Pipeline

Pipeline(component1, component2, ... , componentk; options...)
Pipeline(name1=component1, name2=component2, ..., namek=componentk; options...)
component1 |> component2 |> ... |> componentk

Create an instance of a composite model type which sequentially composes the specified components in order. This means component1 receives inputs, whose output is passed to component2, and so forth. A "component" is either a Model instance, a model type (converted immediately to its default instance) or any callable object. Here the "output" of a model is what predict returns if it is Supervised, or what transform returns if it is Unsupervised.

Names for the component fields are automatically generated unless explicitly specified, as in

Pipeline(encoder=ContinuousEncoder(drop_last=false),
         stand=Standardizer())

The Pipeline constructor accepts keyword options discussed further below.

Ordinary functions (and other callables) may be inserted in the pipeline as shown in the following example:

Pipeline(X->coerce(X, :age=>Continuous), OneHotEncoder, ConstantClassifier)

Syntactic sugar

The |> operator is overloaded to construct pipelines out of models, callables, and existing pipelines:

LinearRegressor = @load LinearRegressor pkg=MLJLinearModels add=true
PCA = @load PCA pkg=MultivariateStats add=true

pipe1 = MLJBase.table |> ContinuousEncoder |> Standardizer
pipe2 = PCA |> LinearRegressor
pipe1 |> pipe2

At most one of the components may be a supervised model, but this model can appear in any position. A pipeline with a Supervised component is itself Supervised and implements the predict operation. It is otherwise Unsupervised (possibly Static) and implements transform.

Special operations

If all the components are invertible unsupervised models (ie, implement inverse_transform) then inverse_transform is implemented for the pipeline. If there are no supervised models, then predict is nevertheless implemented, assuming the last component is a model that implements it (some clustering models). Similarly, calling transform on a supervised pipeline calls transform on the supervised component.

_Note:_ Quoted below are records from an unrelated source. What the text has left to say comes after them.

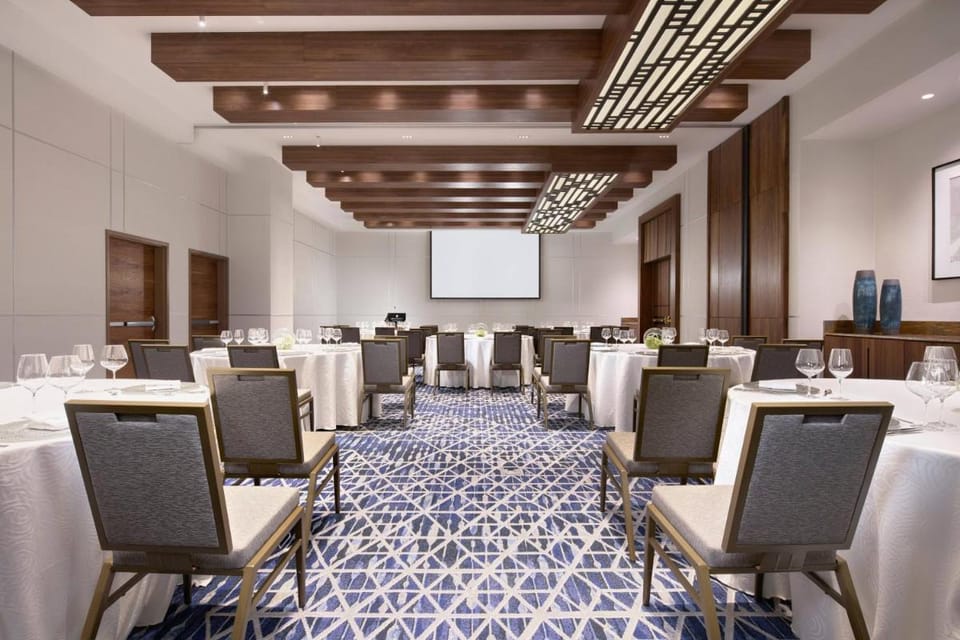 JW Marriott Monterrey Valle Hotel in Monterrey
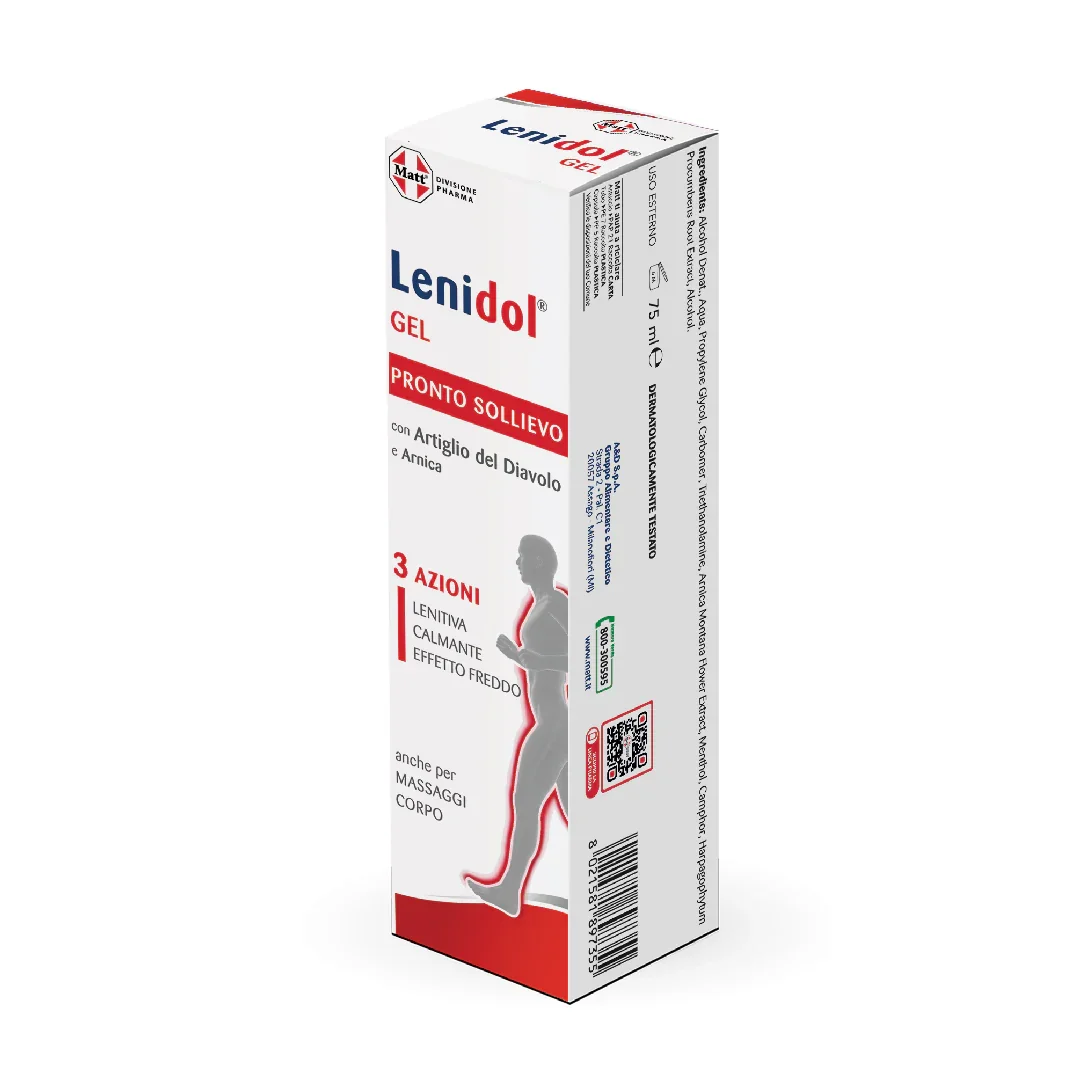 Lenidol Gel - Image 2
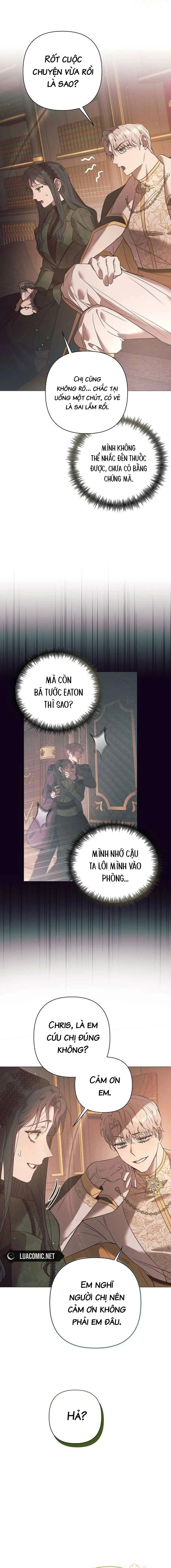 Đêm không ngủ của mãnh thú Chapter 7 - 9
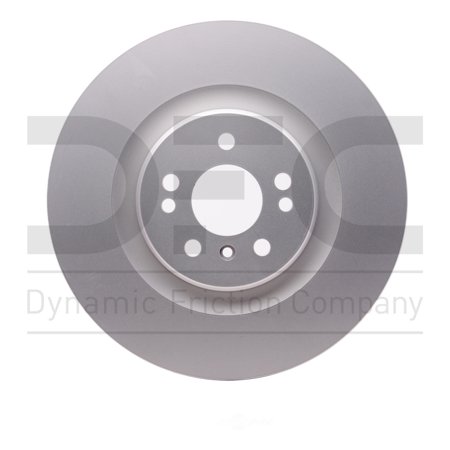 Dynamic 900-63130 DFC Hi-carbon Alloy Geomet Coated Rotor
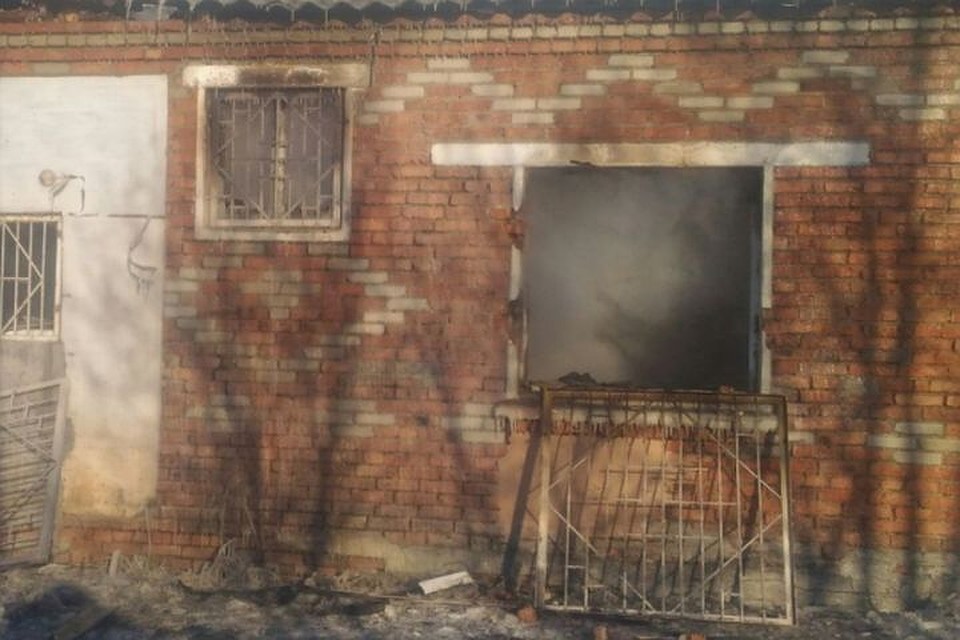 Фото предоставлено ГУ МЧС по Новосибирской области.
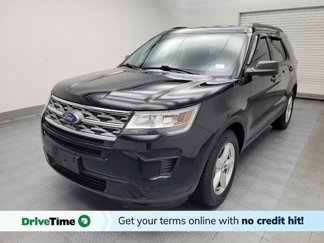 Used 2018 Ford Explorer FWD image 1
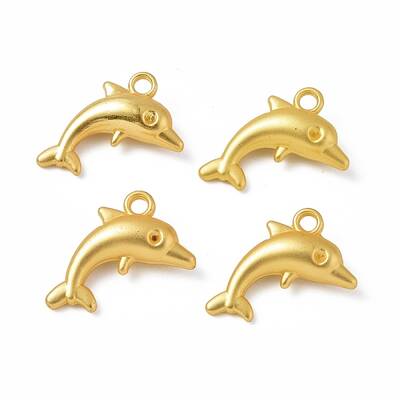 Rack Plating Alloy Pendants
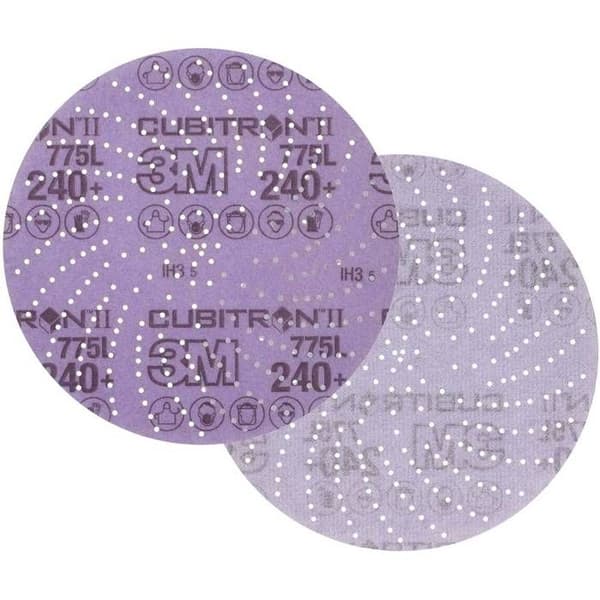 3M 47098 Xtract™ Cubitron™ II Filmskiva 775L Slipskiva Diameter 152 mm 50 st.
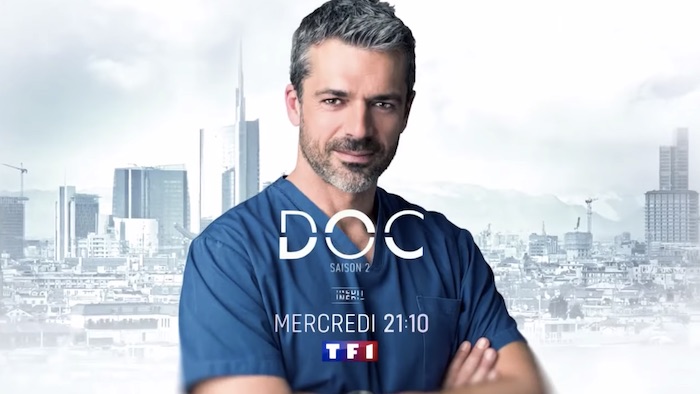 « Doc » du 13 juillet 2022 : vos 2 épisodes inédits de la saison 2 ce soir sur TF1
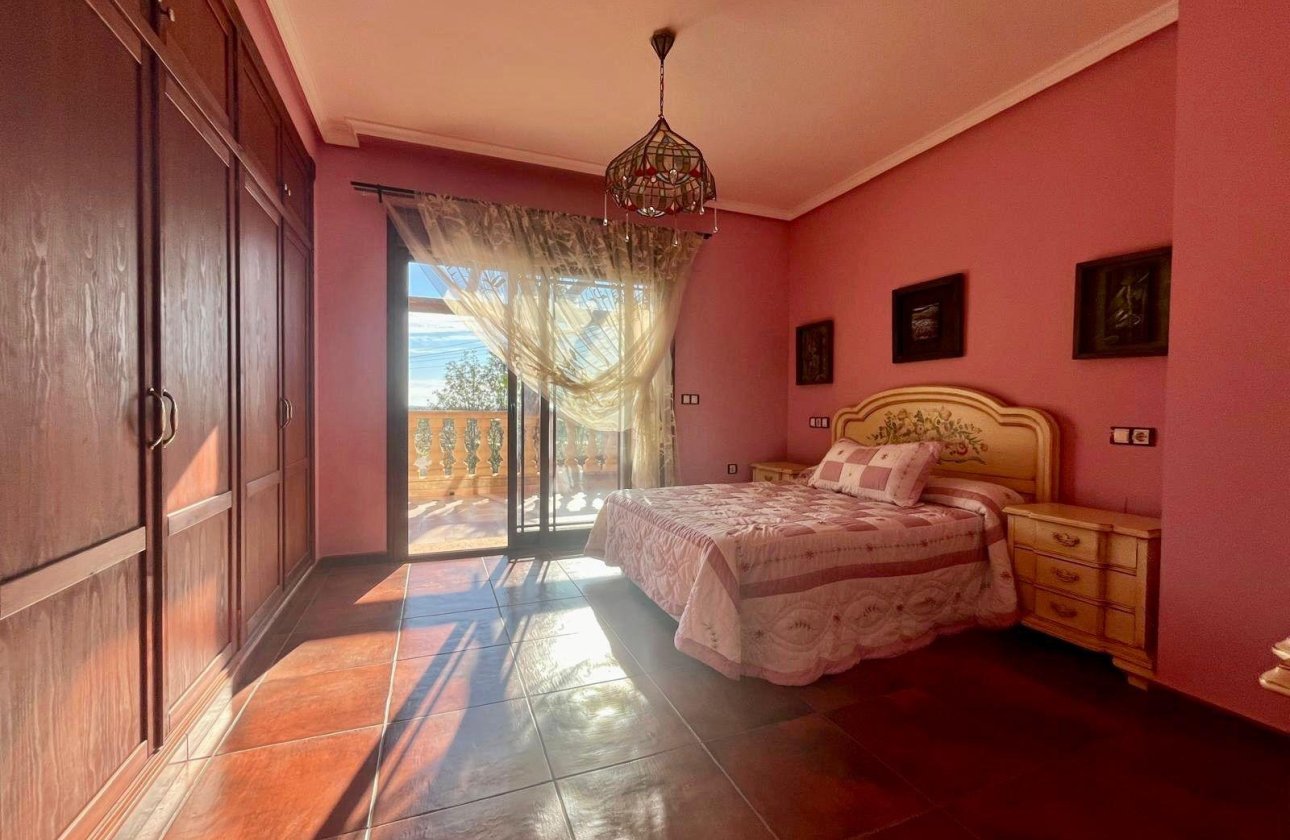 Revente - Villa -
Rojales - La Vega Baja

Transformers that need a target in training

Some transformers that have type Unsupervised (so that the output of transform is propagated in pipelines) may require a target variable for training. An example are so-called target encoders (which transform categorical input features, based on some target observations). Provided they appear before any Supervised component in the pipelines, such models are supported. Of course a target must be provided whenever training such a pipeline, whether or not it contains a Supervised component.

Optional key-word arguments

  • prediction_type - prediction type of the pipeline; possible values: :deterministic, :probabilistic, :interval (default=:deterministic if not inferable)
  • operation - operation applied to the supervised component model, when present; possible values: predict, predict_mean, predict_median, predict_mode (default=predict)
  • cache - whether the internal machines created for component models should cache model-specific representations of data (see machine) (default=true)
Warning

Set cache=false to guarantee data anonymization.

To build more complicated non-branching pipelines, refer to the MLJ manual sections on composing models.